2011-02-02 update: Updated link. Thanks to Jack Moore.
Yesterday I watched the new Kino version of Metropolis. No, I’m not talking about the anime (which I must see sometime since I’m a huge anime fan), but the 1927 Fritz Lang cinematic masterpiece. The movie is silent and in black and white, and for the time it was very cutting-edge in terms of technology, plot, budget and overall size. Unfortunately, the original 1927 version no longer exists, but this Kino version is the most complete to date, including the excellent Gottfried Huppertz orchestral score (re-recorded to make it sound better). The score was clearly written for the movie; orchestral sounds substitute very well for the lack of speech and sound effects.

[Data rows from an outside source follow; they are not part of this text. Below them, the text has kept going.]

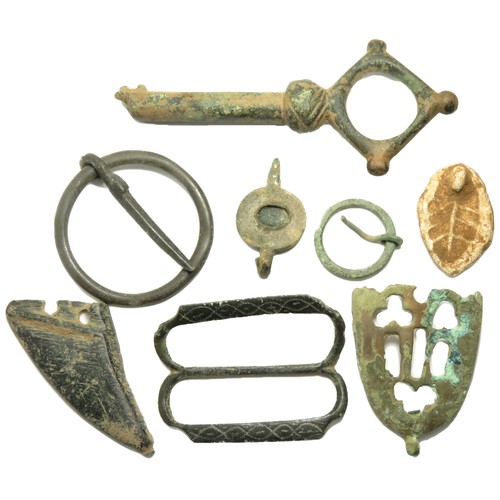 61 - Medieval artefact group including a large key, two scabbard chapes, three buckles and a lead seal ma... 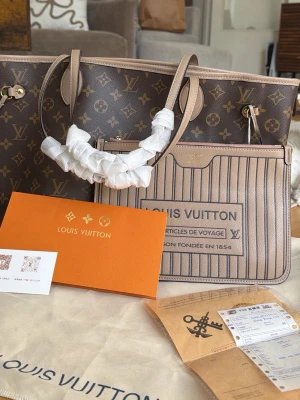  Monogram handväska - Snygg handväska i klassiskt brunt monogrammönster med beige detaljer. Väskan har två långa handtag och en avtagbar innerficka med randigt mönster och tryck. Tillbehör som dustbag och certifikat medföljer.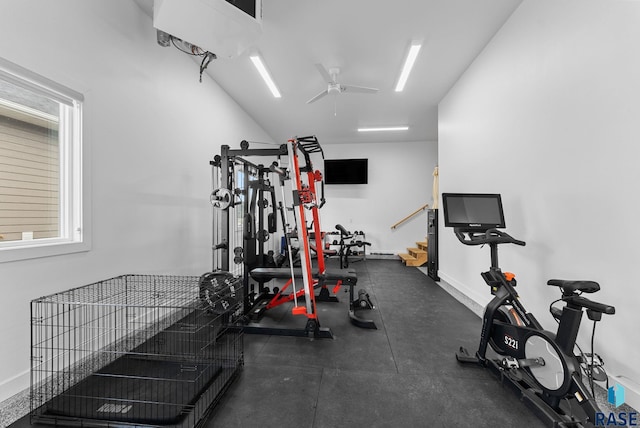 exercise room featuring baseboards and a ceiling fan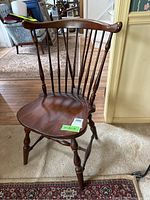 Front angled view showing curved top rail, spindle backrest, contoured seat, turned front legs, and stretcher.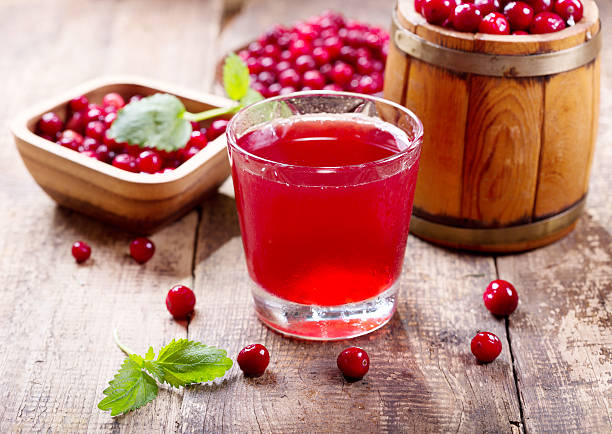 Healthy cranberry juice with ripe berry fruits on the side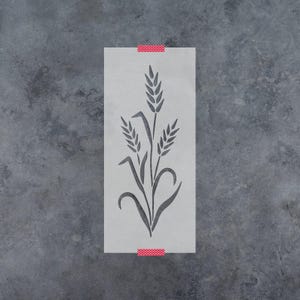 May include: A rectangular stencil featuring a cutout design of three stalks of wheat with leaves. The stencil is semi-transparent and off-white, secured at the top and bottom edges with small strips of red and white polka-dot patterned tape.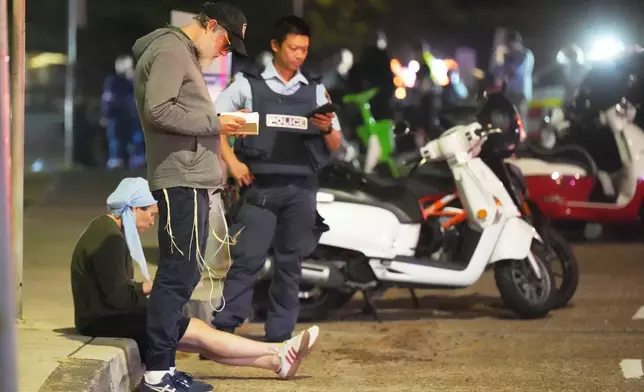 Bystanders stay where police cordon off an area at Bondi Beach after a reported shooting in Sydney, Sunday, Dec. 14, 2025. (AP Photo/Mark Baker)
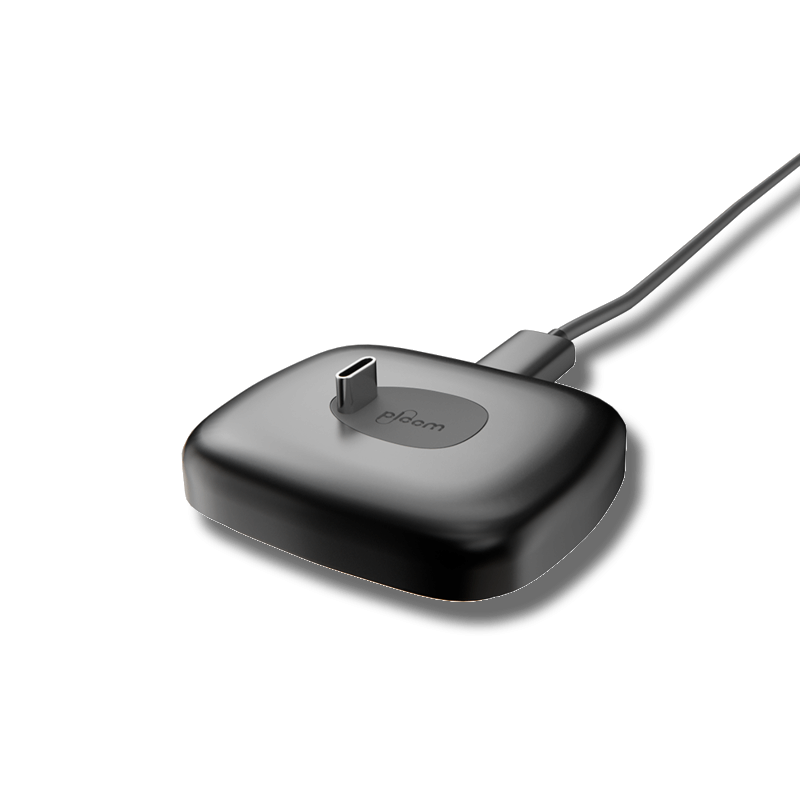 Ploom X Advanced qara rəngli dok stansiyasının yuxarıdan çəkilmiş renderi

The last time I had seen Metropolis was when I was a child. Although I didn’t understand much, I was freaked out by the plot and the silent nature of the movie. I recall having a few nightmares about robots and I could not even look at the video cover (which featured a picture of the Machine-Man robot) after that.
The plot itself was very interesting. It’s amazing what can be done without any speech (there was some ‘speech’, but it was just text on the screen). Having been released during the height of the capitalist/communist struggle for political supremacy in Europe, this movie was universally panned by both sides for supposedly supporting one side or the other.
The main theme of the movie is a single phrase: “The mediator between head and hands is the heart.” You’ll need to see the movie in its entirety to understand what that means. It is a very powerful theme, as is the imagery employed: mechanical machinery; a small army of uniformed, undifferentiated workers; clocks and watches; and many others.
All-in-all, I loved this movie. It’s a shame that the original no longer exists, but Kino expertly crafted the most ‘complete’ version they could. Missing scenes were summarised on the screen in text.